6 CTX_ANL Package
This chapter contains the following topics.
6.1 About CTX_ANL Package Procedures
The CTX_ANL
PL/SQL package is used with AUTO_LEXER and provides procedures for adding and dropping a custom dictionary from the lexer. A custom dictionary might be one that you develop for a special field of study or for your industry. In most cases, the dictionaries supplied with Oracle Text are more than sufficient to handle your requirements.
See Also:
"AUTO_LEXER" for a discussion of AUTO_LEXER and supported languages
The CTX_ANL
package contains the following stored procedures.
Name | Description |
---|---|
Adds a custom dictionary to the lexer. |
|
Drops a custom dictionary from the lexer. |
Note:
Only the CTXSYS
user can use the procedures in CTX_ANL
.
The APIs in the CTX_ANL
package do not support identifiers that are prefixed with the schema or the owner name.
6.2 ADD_DICTIONARY
Use the CTX_ANL.ADD_DICTIONARY procedure to add a custom dictionary to be used by "AUTO_LEXER".
Note:
The dictionary data is not processed until index/policy creation time or ALTER INDEX time. Errors in dictionary data format are detected at index/policy creation time or ALTER INDEX time and result in error: DRG-13710: Syntax Error in Dictionary.
Syntax
CTX_ANL.ADD_DICTIONARY( name in VARCHAR2, language in VARCHAR2, dictionary in CLOB );
- name
-
The unique name for the user-created custom dictionary.
Note:
The unique name may not be prefixed by the schema or the owner name as this syntax is not supported.
- language
-
The language used by the custom dictionary.
- dictionary
-
The CLOB containing the custom dictionary. The custom dictionary comprises a list of definitions, which are declared separated by a tab or one per line as described in "Custom Dictionary Format and Syntax".
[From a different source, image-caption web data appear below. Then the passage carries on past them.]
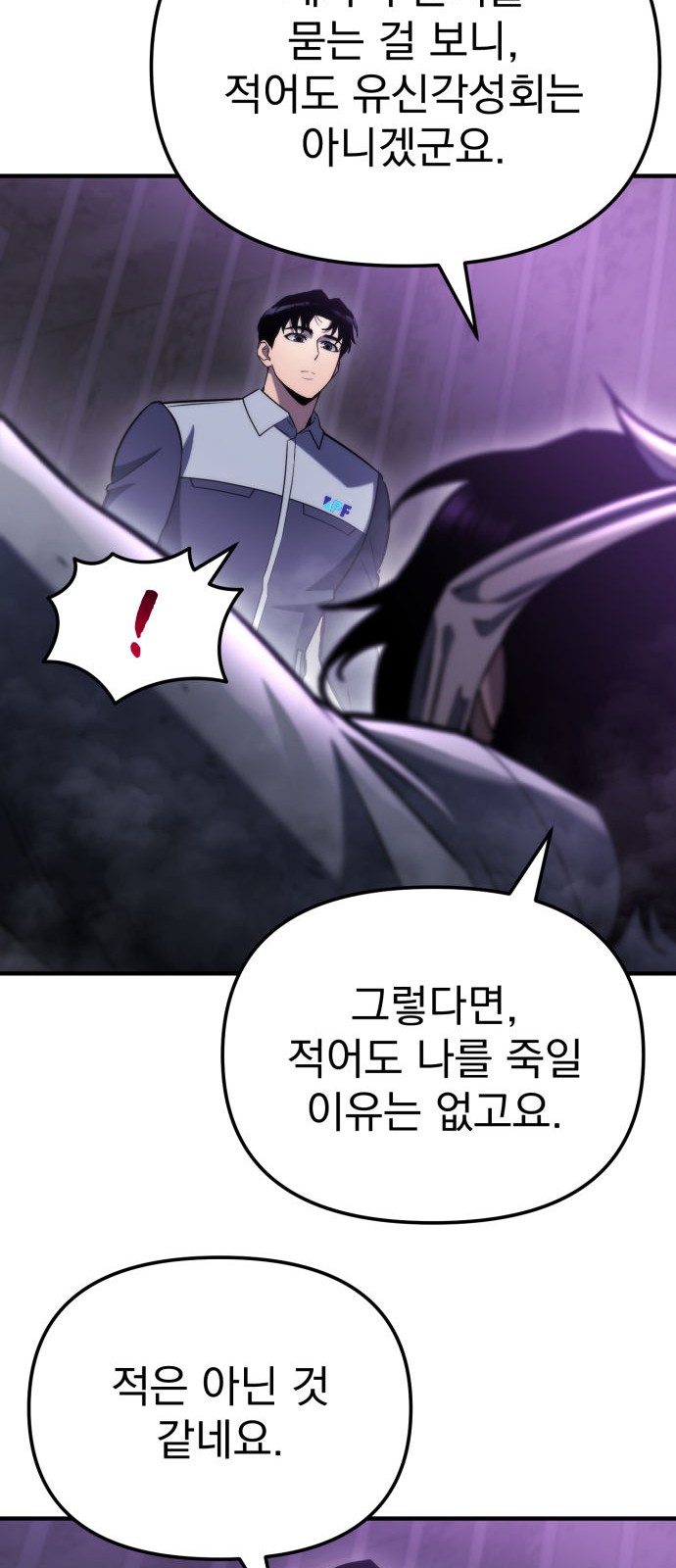81 페이지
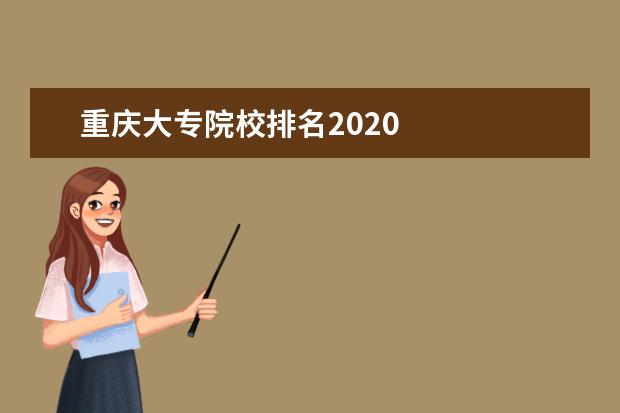 重庆大专院校排名2020    院校专业：   <br/>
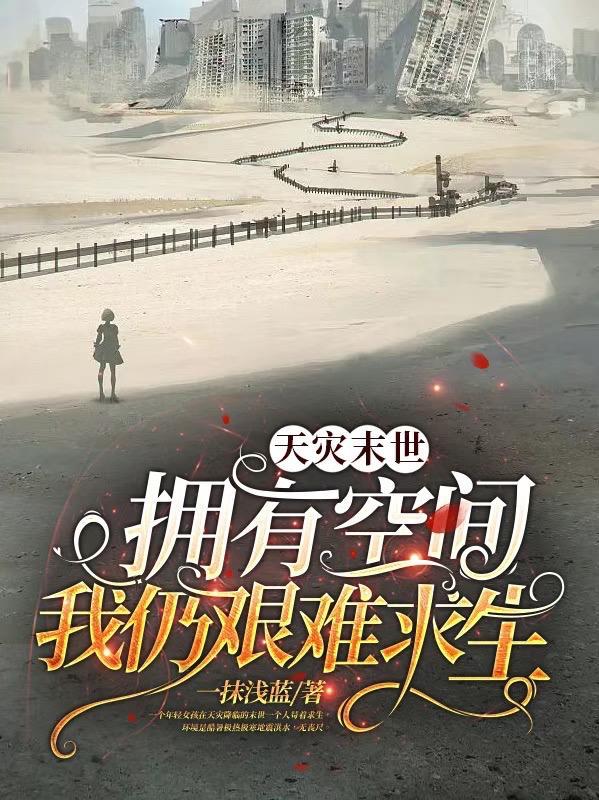 天灾末世+空间+种田+无cp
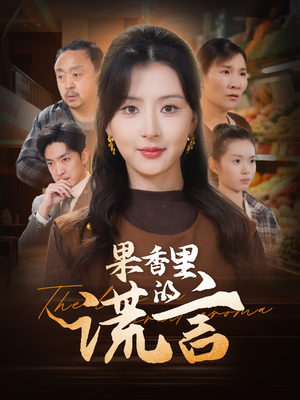 果香里的谎言(40集)  果香里的谎言(40集) 一口气追完全集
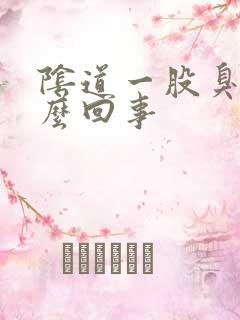 阴道一股臭味怎么回事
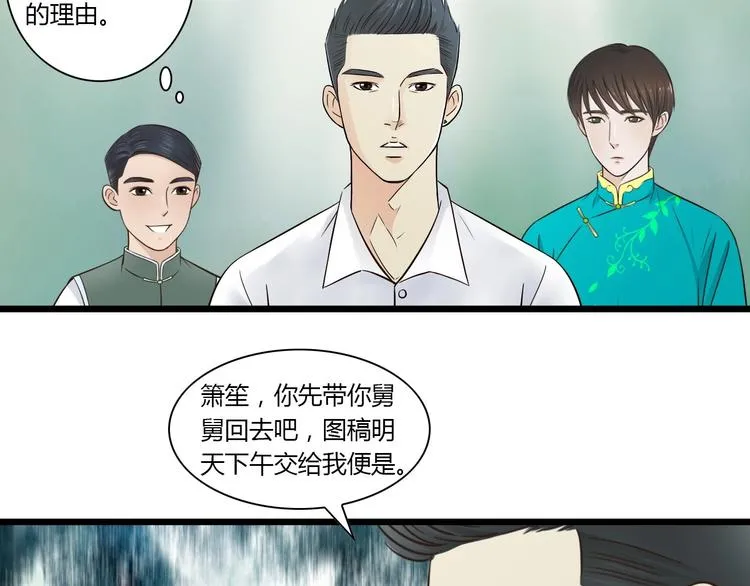 第8话 对不起，舅舅 第23页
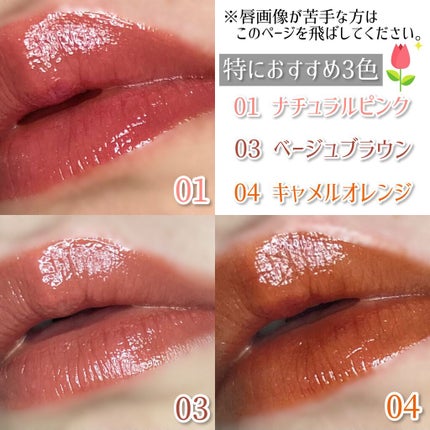 ウォータリーティントリップ/CEZANNE/リップティントを使ったクチコミ(2枚目)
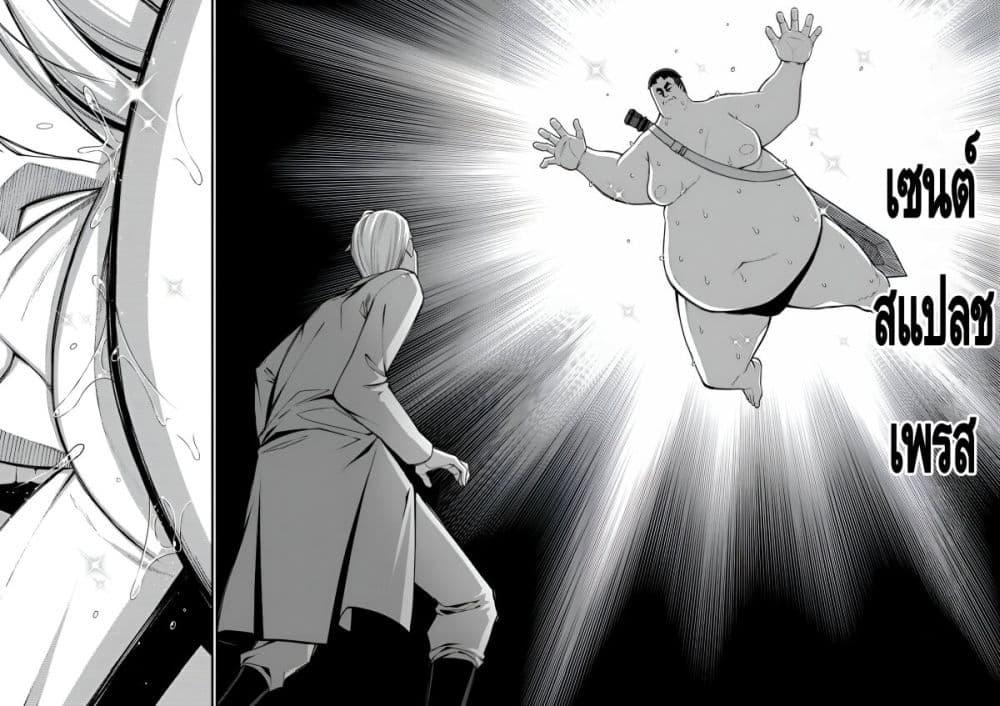 Manga-lc-com อ่านมังงะ อ่านการ์ตูน ออนไลน์ ฟรี Harem Ou no isekai Press Manyuuki ~Saikyou Musou no Ojisan wa Arayuru Shuzoku wo Yome ni Suru~ ตอนที่ 1 2 3 4 5 6 7 8 9 10 11 12 13 14 ฟรี ไม่มีโฆษณา Manga-lc - อ่าน มังงะ อ่าน การ์ตูน ออนไลน์ อ่านมังงะ ฟรี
Custom Dictionary Format and Syntax
The custom dictionary enables you to define a new stem or redefine an existing stem to add words to AUTO_LEXER for your language.
Define a new stem or redefine an existing one using the following syntax:
COMPOUND<tab>word|word<tab>STEM<tab>word<tab>parts-of-speech<tab>features
- COMPOUND
-
Use
COMPOUND
to create a compound word by joining two whole words with a pipe (|). Theword
is a simple text string that you want to join to another word to create one compound word to add to the language you specify in AUTO_LEXER.Note that
COMPOUND
supports a maximum of 8 component words for a compound word.
- word
-
For
COMPOUND
andSTEM
, theword
value is a simple text string respresenting a word that you want to join with another word to create a new word; or a word root or stem that you want to add to the language dictionary in AUTO_LEXER.
- parts-of-speech
-
The
parts-of-speech
value is a list of valid parts of speech, separated by a comma. Table 6-1 lists the names forparts-of-speech
value. At least oneparts-of-speech
value is required.
- features
-
The
features
represent a list of valid linguistic features, as shown in Table 6-2. Multiple features are separated by a comma. Features are optional. If the word is already defined in the supplied language dictionary, then this definition overrides it. It is an error to have an invalid value forparts-of-speech
orfeatures
.
Table 6-1 Custom Dictionary Valid Parts-of-Speech (case sensitive)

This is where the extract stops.